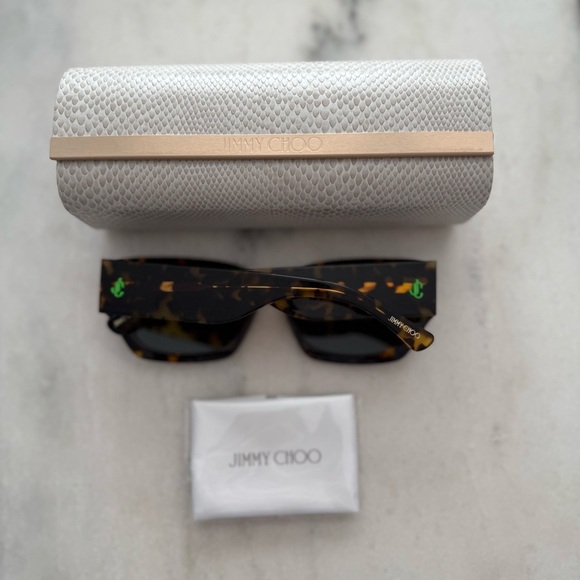 ❗️SOLD❗️JIMMY CHOO CAMI/S sunglasses - Picture 3 of 11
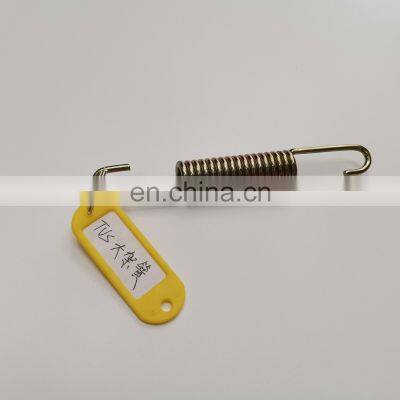 China Spring Manufacturer Camshaft Parts Extension TVS Motorcycle Parking Brake Kickstand Main Side Spring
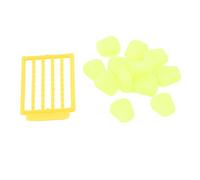 Estink Fake Soft Corn Lures Realistic TPR Slow Sinking Baits for Carp Fishing Lakes Rivers Streams Ocean Rock Fishing (Yellow)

- What you are asked to do -
Where pictures occur in the material above, omit them and return everything else exactly.

- Answer section -
 ❗️SOLD❗️JIMMY CHOO CAMI/S sunglasses - Picture 3 of 11
 China Spring Manufacturer Camshaft Parts Extension TVS Motorcycle Parking Brake Kickstand Main Side Spring
 Estink Fake Soft Corn Lures Realistic TPR Slow Sinking Baits for Carp Fishing Lakes Rivers Streams Ocean Rock Fishing (Yellow)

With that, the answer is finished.